Supplied data:
★ ★ ★
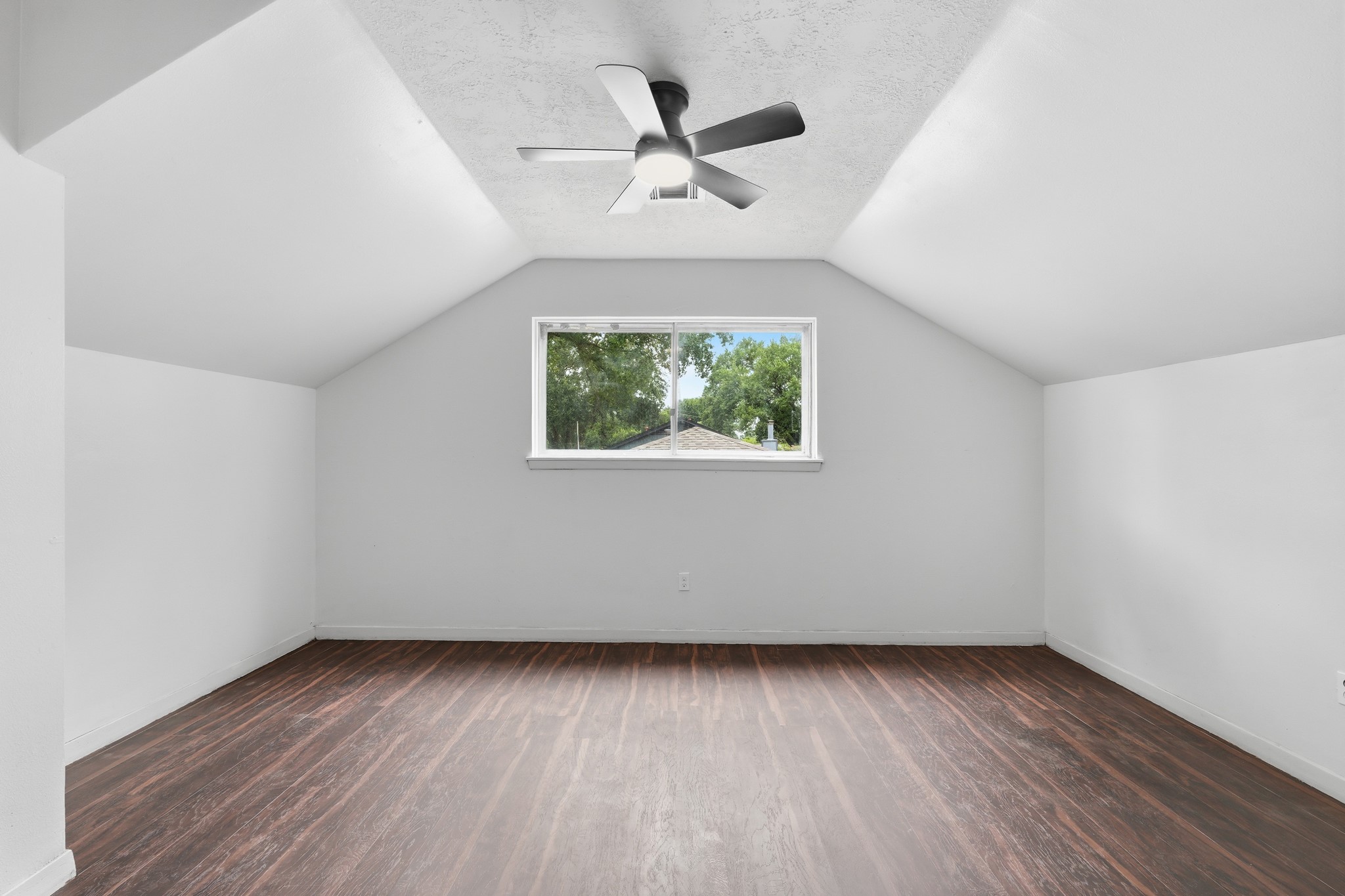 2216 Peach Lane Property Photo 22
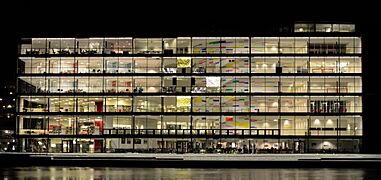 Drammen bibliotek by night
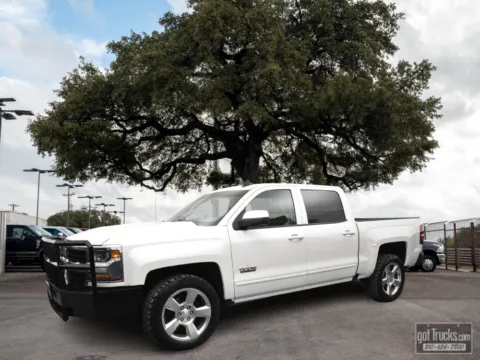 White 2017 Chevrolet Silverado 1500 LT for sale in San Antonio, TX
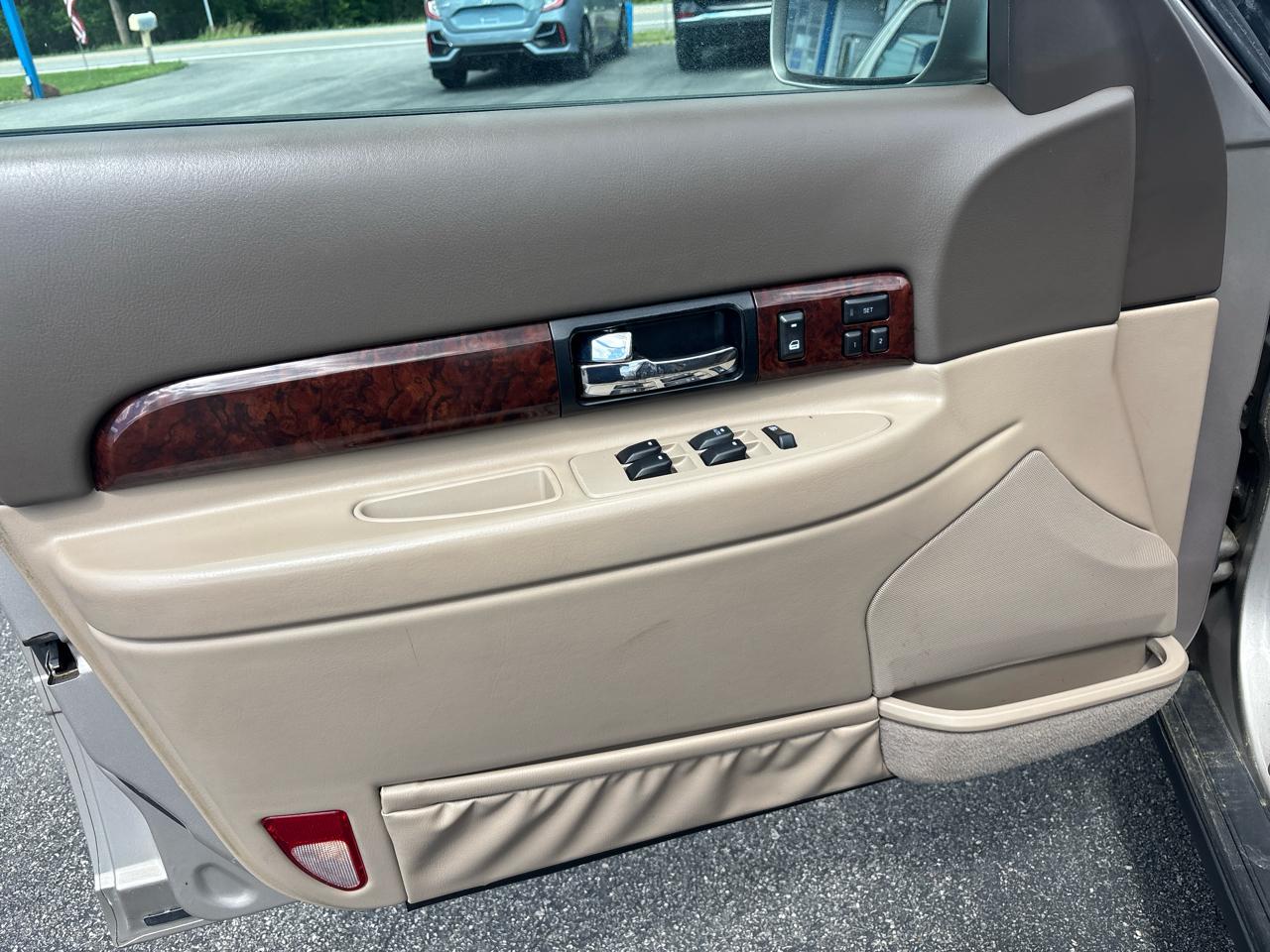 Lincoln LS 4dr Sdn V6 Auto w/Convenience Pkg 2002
★ ★ ★
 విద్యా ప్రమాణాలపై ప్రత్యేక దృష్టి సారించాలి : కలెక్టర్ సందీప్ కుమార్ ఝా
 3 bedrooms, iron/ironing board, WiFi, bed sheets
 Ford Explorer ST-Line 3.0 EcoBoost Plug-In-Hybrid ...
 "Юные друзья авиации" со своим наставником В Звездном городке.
★ ★ ★
Using the records above, print exactly the run of lines that starts with the line with "2216 Peach Lane Property Photo 22" and goes on through the line with "Lincoln LS 4dr", pictures excluded.

Result of the task:
 2216 Peach Lane Property Photo 22
 Drammen bibliotek by night
 White 2017 Chevrolet Silverado 1500 LT for sale in San Antonio, TX
 Lincoln LS 4dr Sdn V6 Auto w/Convenience Pkg 2002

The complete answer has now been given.